Aligi Sassu (Milan, 17 juillet 1912 - Pollença, 17 juillet 2000) Ce fut un peintre et sculpteur italien.

biographie

Aligi Sassu est né à Milan Lombardie, Lina Pedretti, à l'origine de parme, et Antonio Sassu, Sardaigne, que 1894 Il a été l'un des fondateurs de Parti socialiste italien à Sassari et que, dans 1896 Il avait déménagé à Milan. Le père, attaché par une forte amitié Carlo Carrà, Elle le conduisit en 1919, sept ans seulement, tout 'National Dog Show futurologue à Moretti Galerie de Palazzo Cova, il vit a réuni les plus grands et futurologues la jeune génération.
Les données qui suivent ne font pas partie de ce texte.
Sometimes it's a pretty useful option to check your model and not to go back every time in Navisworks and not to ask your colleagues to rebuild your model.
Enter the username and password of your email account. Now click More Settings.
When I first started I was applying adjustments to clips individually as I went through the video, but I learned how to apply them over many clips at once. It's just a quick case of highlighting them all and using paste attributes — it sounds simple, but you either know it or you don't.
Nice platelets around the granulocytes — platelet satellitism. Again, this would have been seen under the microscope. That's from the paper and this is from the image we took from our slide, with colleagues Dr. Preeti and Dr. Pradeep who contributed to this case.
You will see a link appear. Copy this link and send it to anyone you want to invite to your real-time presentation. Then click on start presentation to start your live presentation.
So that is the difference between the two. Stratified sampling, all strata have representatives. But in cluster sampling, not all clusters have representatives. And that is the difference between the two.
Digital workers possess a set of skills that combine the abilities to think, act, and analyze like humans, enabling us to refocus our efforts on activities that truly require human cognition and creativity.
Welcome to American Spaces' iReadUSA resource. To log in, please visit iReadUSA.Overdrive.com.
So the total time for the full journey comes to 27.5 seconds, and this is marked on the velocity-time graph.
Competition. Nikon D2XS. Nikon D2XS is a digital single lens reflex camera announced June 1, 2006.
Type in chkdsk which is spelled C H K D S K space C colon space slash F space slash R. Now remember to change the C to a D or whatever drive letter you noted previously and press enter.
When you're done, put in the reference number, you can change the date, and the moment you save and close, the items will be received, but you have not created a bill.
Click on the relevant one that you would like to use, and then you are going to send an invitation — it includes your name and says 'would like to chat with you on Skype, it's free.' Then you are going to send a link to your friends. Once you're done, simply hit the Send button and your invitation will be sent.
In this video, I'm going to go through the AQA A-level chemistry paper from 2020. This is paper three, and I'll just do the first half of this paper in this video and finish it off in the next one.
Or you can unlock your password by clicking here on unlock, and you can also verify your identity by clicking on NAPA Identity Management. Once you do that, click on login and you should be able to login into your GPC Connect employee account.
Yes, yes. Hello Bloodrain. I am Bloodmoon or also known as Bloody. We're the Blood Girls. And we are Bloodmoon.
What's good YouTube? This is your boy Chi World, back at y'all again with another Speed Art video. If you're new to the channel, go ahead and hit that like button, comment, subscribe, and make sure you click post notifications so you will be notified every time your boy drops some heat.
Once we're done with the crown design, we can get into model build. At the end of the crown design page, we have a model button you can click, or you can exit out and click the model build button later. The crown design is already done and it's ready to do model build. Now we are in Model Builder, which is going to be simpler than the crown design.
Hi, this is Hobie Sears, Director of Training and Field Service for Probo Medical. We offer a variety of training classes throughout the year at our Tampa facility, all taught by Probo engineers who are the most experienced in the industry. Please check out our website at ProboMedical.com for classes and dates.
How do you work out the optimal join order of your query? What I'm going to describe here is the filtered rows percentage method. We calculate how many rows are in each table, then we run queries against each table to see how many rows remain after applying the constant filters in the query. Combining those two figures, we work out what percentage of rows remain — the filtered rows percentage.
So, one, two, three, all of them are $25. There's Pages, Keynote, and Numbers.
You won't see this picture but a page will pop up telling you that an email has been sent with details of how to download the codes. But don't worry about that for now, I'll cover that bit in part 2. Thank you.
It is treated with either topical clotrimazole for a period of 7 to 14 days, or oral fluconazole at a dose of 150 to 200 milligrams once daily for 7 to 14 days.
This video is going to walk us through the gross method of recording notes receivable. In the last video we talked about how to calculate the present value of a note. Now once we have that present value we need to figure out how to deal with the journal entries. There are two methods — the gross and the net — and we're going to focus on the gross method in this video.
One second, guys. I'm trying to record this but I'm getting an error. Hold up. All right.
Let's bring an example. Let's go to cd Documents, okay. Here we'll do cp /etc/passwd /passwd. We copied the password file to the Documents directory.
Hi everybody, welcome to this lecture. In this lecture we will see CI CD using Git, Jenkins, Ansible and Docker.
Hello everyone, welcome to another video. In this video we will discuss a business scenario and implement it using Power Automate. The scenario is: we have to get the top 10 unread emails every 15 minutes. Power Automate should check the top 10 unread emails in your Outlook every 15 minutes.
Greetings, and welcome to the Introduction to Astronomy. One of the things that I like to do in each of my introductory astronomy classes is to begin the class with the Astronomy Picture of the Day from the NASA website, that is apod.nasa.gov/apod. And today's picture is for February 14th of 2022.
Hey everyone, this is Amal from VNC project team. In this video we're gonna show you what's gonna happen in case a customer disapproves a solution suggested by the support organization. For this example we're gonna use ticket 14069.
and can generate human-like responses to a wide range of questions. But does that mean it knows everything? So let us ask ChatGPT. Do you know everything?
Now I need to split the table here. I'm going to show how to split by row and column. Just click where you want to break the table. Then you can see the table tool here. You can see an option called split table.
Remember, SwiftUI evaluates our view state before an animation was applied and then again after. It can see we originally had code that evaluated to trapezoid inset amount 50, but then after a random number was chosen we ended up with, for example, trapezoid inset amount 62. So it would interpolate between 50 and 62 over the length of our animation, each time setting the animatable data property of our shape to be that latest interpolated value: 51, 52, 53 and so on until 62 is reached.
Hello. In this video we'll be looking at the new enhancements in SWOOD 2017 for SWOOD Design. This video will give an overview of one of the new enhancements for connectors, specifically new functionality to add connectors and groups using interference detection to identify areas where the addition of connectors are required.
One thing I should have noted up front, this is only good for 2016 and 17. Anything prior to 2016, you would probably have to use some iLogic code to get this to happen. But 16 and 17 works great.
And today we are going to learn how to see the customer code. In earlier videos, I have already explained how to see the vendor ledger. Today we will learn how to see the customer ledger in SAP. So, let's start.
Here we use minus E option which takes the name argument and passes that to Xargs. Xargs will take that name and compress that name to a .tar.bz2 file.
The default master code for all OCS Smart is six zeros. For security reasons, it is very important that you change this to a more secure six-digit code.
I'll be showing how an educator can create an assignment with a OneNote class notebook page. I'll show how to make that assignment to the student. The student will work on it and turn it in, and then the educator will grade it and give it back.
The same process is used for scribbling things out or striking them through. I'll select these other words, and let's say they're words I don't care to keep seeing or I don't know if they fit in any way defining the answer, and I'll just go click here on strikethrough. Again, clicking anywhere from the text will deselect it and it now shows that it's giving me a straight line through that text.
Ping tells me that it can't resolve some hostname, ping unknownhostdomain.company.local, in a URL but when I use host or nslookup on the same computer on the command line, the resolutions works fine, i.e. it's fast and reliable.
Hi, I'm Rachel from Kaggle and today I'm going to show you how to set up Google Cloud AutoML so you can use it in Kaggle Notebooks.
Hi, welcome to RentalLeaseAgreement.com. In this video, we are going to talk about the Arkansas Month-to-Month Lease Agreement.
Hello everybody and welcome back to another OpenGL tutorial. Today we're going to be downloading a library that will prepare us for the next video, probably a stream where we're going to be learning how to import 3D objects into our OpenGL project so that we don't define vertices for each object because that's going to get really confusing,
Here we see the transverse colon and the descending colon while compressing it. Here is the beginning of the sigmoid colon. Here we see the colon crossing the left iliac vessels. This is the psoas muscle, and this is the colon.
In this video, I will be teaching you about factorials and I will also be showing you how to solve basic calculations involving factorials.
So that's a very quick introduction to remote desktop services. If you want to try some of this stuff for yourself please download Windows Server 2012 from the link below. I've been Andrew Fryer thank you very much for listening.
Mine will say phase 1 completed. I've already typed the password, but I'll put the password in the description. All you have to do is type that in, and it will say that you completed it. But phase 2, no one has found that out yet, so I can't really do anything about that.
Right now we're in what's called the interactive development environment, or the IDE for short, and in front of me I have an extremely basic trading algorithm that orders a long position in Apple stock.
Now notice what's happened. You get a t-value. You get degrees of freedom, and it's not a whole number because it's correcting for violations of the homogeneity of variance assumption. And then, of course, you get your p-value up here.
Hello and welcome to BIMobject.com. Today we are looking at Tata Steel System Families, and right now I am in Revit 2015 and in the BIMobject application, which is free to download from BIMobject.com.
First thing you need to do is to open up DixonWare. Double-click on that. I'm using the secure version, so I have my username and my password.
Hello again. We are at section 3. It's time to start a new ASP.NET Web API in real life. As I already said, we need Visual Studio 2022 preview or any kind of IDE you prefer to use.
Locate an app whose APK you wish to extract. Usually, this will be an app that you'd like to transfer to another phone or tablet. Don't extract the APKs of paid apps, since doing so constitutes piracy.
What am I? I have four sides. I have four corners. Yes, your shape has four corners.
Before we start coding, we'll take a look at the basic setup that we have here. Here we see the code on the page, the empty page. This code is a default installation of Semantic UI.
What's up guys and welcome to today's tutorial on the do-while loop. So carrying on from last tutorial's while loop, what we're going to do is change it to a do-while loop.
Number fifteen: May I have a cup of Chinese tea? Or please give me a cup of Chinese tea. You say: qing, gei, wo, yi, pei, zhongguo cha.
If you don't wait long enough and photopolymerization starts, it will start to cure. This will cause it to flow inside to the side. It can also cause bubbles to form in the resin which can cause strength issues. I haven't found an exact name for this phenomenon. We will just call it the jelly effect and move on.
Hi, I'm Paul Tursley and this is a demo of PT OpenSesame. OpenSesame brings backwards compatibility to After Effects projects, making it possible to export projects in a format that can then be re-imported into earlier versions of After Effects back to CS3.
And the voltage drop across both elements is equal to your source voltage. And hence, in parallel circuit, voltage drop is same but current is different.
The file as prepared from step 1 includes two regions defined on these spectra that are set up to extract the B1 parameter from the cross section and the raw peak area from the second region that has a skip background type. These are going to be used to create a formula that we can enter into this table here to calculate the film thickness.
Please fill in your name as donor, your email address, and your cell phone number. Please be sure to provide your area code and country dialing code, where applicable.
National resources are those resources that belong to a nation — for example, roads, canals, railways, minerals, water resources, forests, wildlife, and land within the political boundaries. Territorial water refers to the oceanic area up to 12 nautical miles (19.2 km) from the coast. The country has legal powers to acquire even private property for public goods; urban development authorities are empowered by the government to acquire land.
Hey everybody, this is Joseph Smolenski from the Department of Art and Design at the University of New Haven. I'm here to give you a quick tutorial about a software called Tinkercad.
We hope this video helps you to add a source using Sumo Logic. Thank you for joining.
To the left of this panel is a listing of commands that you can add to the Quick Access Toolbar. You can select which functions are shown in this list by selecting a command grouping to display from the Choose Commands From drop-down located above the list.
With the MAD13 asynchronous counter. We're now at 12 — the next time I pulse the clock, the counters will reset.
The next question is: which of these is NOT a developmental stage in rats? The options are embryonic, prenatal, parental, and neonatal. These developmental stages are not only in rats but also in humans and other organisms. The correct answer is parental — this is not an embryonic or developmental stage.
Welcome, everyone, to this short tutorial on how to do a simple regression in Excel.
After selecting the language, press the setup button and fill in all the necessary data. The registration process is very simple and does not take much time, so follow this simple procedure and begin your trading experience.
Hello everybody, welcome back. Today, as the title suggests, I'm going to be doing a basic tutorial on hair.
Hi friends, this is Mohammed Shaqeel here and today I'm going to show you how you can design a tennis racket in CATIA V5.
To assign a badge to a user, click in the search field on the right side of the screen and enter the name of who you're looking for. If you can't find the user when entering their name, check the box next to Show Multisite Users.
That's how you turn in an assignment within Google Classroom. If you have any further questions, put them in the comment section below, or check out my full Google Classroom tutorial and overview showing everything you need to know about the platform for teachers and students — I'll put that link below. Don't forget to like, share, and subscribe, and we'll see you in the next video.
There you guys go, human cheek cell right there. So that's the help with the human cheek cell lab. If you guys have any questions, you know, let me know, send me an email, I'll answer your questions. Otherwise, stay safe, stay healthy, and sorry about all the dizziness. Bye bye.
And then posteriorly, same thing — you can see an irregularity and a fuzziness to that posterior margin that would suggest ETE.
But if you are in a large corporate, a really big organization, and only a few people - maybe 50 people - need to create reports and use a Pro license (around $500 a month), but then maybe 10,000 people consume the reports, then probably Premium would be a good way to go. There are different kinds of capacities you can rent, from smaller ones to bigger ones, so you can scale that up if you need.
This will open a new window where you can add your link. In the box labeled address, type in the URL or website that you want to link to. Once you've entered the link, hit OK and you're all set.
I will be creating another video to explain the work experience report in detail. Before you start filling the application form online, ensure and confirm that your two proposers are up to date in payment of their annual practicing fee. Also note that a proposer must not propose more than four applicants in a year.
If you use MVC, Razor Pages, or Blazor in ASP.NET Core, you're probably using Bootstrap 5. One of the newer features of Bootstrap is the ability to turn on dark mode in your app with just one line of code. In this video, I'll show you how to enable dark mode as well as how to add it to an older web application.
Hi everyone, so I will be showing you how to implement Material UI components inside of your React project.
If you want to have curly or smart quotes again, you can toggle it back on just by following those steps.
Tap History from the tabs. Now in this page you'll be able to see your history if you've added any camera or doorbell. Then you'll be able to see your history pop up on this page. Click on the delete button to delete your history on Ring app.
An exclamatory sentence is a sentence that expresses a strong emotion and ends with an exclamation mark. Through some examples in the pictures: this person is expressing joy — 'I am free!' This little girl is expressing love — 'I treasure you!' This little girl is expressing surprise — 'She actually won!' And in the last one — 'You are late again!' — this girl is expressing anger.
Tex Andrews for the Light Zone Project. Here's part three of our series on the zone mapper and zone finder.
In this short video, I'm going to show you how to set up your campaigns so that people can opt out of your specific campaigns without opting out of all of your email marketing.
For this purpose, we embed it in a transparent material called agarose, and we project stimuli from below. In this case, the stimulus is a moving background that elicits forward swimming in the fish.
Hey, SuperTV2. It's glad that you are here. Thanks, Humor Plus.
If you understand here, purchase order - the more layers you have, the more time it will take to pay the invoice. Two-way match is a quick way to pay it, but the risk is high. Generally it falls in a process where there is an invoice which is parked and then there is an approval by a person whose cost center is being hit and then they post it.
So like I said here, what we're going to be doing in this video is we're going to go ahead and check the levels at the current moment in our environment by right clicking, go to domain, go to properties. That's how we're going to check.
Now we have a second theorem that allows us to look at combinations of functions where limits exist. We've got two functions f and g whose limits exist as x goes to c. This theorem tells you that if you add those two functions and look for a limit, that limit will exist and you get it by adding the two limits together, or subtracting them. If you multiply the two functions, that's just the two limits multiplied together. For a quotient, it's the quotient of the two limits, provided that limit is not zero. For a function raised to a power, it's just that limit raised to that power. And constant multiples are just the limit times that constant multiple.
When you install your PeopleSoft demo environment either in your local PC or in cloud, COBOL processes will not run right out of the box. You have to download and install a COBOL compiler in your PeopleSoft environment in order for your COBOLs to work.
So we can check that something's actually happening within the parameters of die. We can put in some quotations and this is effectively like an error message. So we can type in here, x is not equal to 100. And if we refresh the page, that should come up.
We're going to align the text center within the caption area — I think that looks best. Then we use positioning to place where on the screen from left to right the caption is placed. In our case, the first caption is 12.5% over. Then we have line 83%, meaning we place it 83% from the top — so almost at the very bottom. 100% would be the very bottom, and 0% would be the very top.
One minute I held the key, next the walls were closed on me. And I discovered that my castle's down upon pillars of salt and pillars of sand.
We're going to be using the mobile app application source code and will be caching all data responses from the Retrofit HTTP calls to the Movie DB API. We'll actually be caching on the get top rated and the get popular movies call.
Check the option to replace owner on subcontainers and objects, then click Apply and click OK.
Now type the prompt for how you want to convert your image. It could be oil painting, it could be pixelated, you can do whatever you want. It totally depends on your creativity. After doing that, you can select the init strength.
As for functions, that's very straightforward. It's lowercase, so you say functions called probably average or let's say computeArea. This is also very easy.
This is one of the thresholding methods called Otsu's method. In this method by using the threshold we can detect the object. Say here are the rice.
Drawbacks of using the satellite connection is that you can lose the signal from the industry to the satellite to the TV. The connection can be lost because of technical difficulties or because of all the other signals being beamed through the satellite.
au début 1921 La famille a déménagé dans Sassu Sardaigne, à Thiesi dans la province de Sassari, où Antonio a ouvert un magasin. Il Aligi ont fréquenté l'école primaire et se sont réunis pour la première fois chevaux, qui deviendra son marque, et les couleurs vives de la Sardaigne qui lui imprègnent peinture. Après un séjour de trois ans, la famille retourne à Milan et ici Aligi a montré encore plus son intérêt pour la lecture et l 'art futurologue.[1]

Aligi Sassu
Sculpture de Aligi Sassu, Legnano

en 1925, maintenant avec la famille dans une situation financière, il a été forcé de quitter l'école. Au début, il a servi comme apprenti au travail la presse, atelier lithographique; l'année suivante pour un décorateur aide murale; En même temps, assister à des cours du soir, puis il a réussi à terminer ses études. Avec son ami concepteur futurologue Bruno Munari, Il se tenait debout devant Filippo Tommaso Marinetti, fondateur futurisme. Cette rencontre a été fructueuse: en 1928 Marinetti a été invité à participer à leurs travaux à Biennale de Venise.

Peu de temps après, avec Bruno Munari, il a appelé la Manifeste de la peinture « Dynamisme et de la Réforme musculaire » (Qui restera inédit jusqu'en 1977), en prenant comme hypothèse de base des formes de représentation de la dynamique anti-naturaliste. Dans ces années, grâce aux amis de son père, il pouvait se familiariser avec les œuvres de Boccioni et Carlo Carrà, de Gaetano Previati, Giandante X (Comme on l'appelait Dante Persico) et Giuseppe Gorgerino, et ils parfois inspirés dans ses peintures. il a étudié Picasso, Diego Velázquez et nu plastique. De cette période est La dernière Cène, le tableau qui résume l'art de Aligi Sassu et, dans des vêtements modernes des personnages et le milieu urbain, préfigure ce que sera son style futur.

Dans les années entre 1927 et 1929 il peint des tableaux pour la plupart petites, ayant souvent un sujet de la sport, la industries et les machines; né donc cyclistes, les mineurs, le travailleur, boxeurs et rouge hommes. avec Giacomo Manzù, Nino Road, Candido Grassi, Giuseppe Occhetti, Gino Pancheri, en 1930 Milan a réussi à mettre en place sa première grande exposition, également passé en revue par Carlo Carrà. en 1934 Il est resté pendant une période de trois mois Paris[2] (Travaux sur la rue Elysée des Beaux-Arts) étudier au fond de Matisse, Théodore Géricault, Delacroix, Cézanne et les tableaux des peintres du XIXe siècle exposés à persienne.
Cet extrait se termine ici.